77. About this time I began to break my mind to those poor people in _Bedford_, and to tell them my condition; which when they had heard, they told Mr Gifford of me, who himself also took occasion to talk with me, and was willing to be well persuaded of me, though I think from little grounds: but he invited me to his house, where I should hear him confer with others, about the dealings of God with their souls; from all which I still received more conviction, and from that time began to see something of the vanity and inward wretchedness of my wicked heart; for as yet I knew no great matter therein; but now it began to be discovered unto me, and also to work at that rate as it never did before. Now I evidently found, that lusts and corruptions put forth themselves within me, in wicked thoughts and desires, which I did not regard before; my desires also for heaven and life began to fail; I found also, that whereas before my soul was full of longing after God, now it began to hanker after every foolish vanity; yea, my heart would not be moved to mind that which was good; it began to be careless, both of my soul and heaven; it would now continually hang back, both to, and in every duty; and was as a clog on the leg of a bird, to hinder me from flying.
78. Nay, thought I, now I grow worse and worse: now I am farther from conversion than ever I was before. Wherefore I began to sink greatly in my soul, and began to entertain such discouragement in my heart, as laid me as low as hell. If now I should have burned at the stake, I could not believe that Christ had love for me: alas! I could neither hear Him, nor see Him, nor feel Him, nor favour any of His things; I was driven as with a tempest, my heart would be unclean, and the _Canaanites_ would dwell in the land.

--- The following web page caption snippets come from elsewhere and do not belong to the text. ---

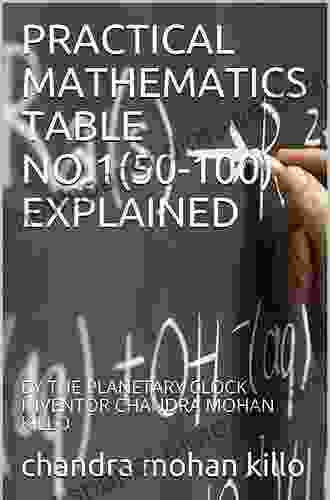 PRACTICAL MATHEMATICS TABLE NO 2 (1 50) EXPLAINED : BY THE PLANETARY CLOCK INVENTOR MATHEMATICIAN CHANDRA MOHAN KILLO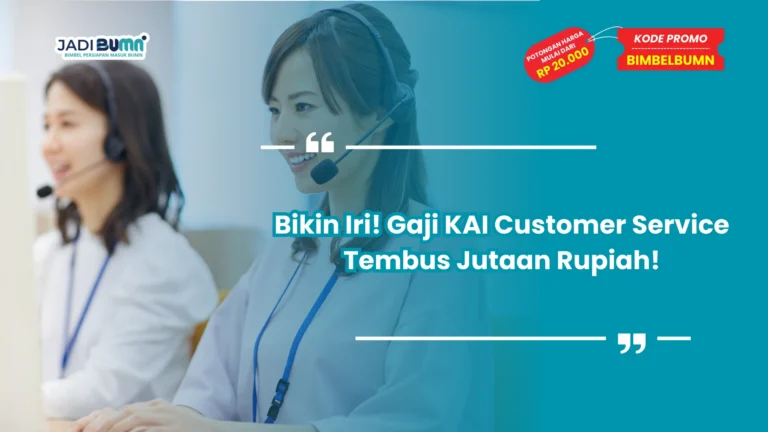 Bikin Iri! Gaji KAI Customer Service Tembus Jutaan Rupiah!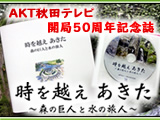 AKT秋田テレビ開局50周年記念誌販売『時を越え あきた～森の巨人と水の旅人～』 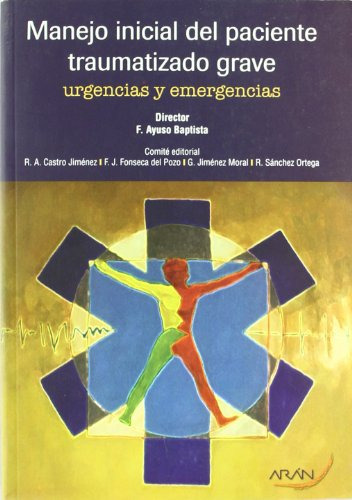 Libro Manejo Inicial Del Paciente Traumatizado Grave Urgenci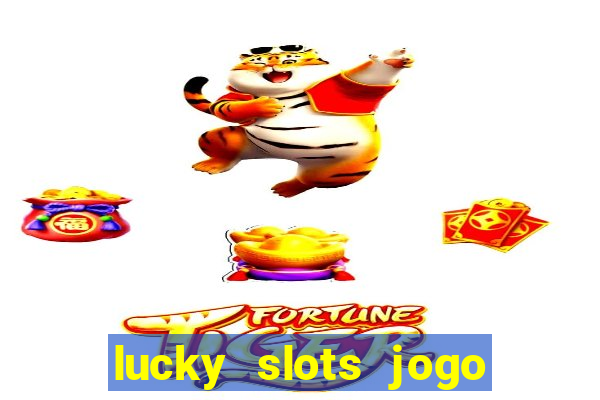 lucky slots jogo 777 casino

79. Sometimes I would tell my condition to the people of God; which, when they heard, they would pity me, and would tell me of the promises; but they had as good have told me, that I must reach the sun with my finger, as have bidden me receive or rely upon the promises: and as soon I should have done it. All my sense and feeling were against me; and I saw I had an heart that would sin, and that lay under a law that would condemn.
80. These things have often made me think of the child which the father brought to Christ, _who_, _while he was yet coming to Him_, _was thrown down by the devil_, _and also so rent and torn by him_, _that he lay down and wallowed_, _foaming_. Luke ix. 42; Mark ix. 20.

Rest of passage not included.